(Closed) Rehearsal and rehearsal dinner formalities?

posted 8 years ago in Etiquette
Post # 2
2263 posts
Buzzing bee
  • Wedding: May 2014

Ettiquette does not state that out of town guests are invited to the rehersal dinner. The only people who should be invited to the rehersal dinner is those that are rehersing (wedding party, parents, spouces of wedding party, and the officent if they are close) The whole Out of Town guests being invited is based off the wedding industry trying to squeeze every dime out of you possible. There is absolutly nothing wrong with the rehersal dinner that you want.

Post # 3
143 posts
Blushing bee
  • Wedding: July 2014

I would just invite immediate family — your parents and siblings — to the rehearsal dinner. Sit the problem sister on the opposite end of the table from your Fiance. After dinner, you could always tell the rest of your guests that you will be having drinks at the hotel bar or some other convenient spot from 8:00-10:00pm if they would like to stop by.

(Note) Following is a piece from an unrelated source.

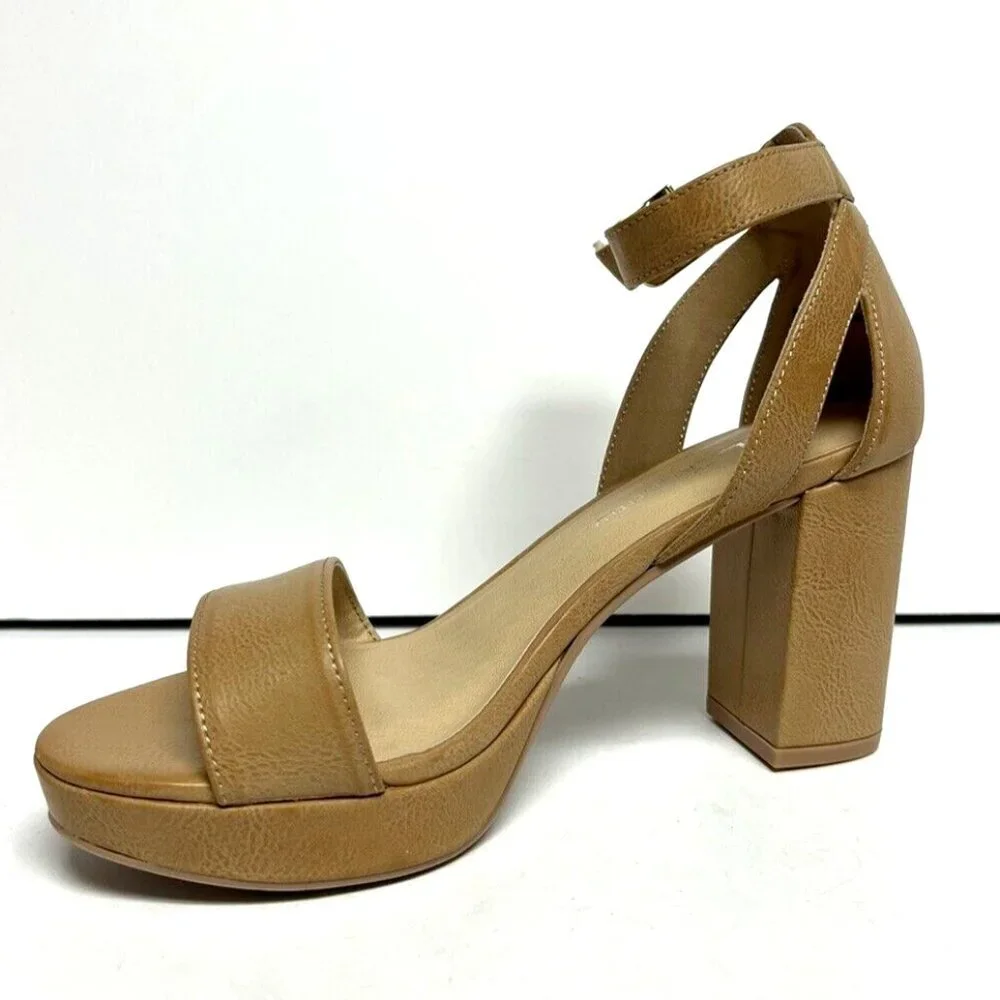 Chinese Laundry Women's Go On Heeled Sandals Brown, Size 7 M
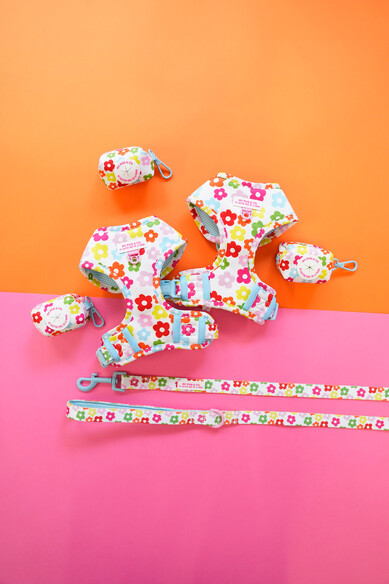 Agatha ruiz de la prada PORTA BOLSAS FLORES Envío internacional gratuito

Whatever you decide to do, just make it clear to your guests beforehand. For a guest, there is nothing worse than showing up to a wedding and not knowing what exactly they need to attend and what they don’t.

Post # 4
30399 posts
Honey Beekeeper
  • Wedding: November 1999

Etiquette does not state that OOT’s need to be invited to the rehearsal dinner. Normally the rehearsal dinner includes immediate family, anyone involved in the ceremony and their SO’s, sometimes extended to include grandparents.

The dinner offers a chance to ensure that the families have met prior to the wedding, and thank both family and wedding party for their support and participation.

Post # 5
625 posts
Busy bee

To echo everyone else: Etiquette requires that those involved in the *rehearsal* must be invited to the rehearsal dinner (along with their SOs, of course). Nothing more.

It is customary to also include immediate family, but to exclude sisters would not technically be impolite – though it may cause more hurt feelings and additional family drama than it is worth. 

In some regional circles (certainly not all) it is also common to include Out of Town guests. This, however, has never been a requirement of etiquette, merely a courtesy that is often extended in the Midwest (and perhaps the South?)

Post # 6
7111 posts
Busy Beekeeper
  • Wedding: August 2013

I agree that you can get away with not inviting Out of Town guests, but it’s a nice thing to do, especially if they’ve traveled a long distance. We also had a large percentage of Out of Town guests and so we decided to invite everyone and call it a Welcome Dinner. It was great to have some extra time to visit with everyone. We kept it very casual with homemade BBQ and it wasn’t expensive, at all, and we had a lot more guests than you. So that’s an option, if you’d like, but don’t feel obligated.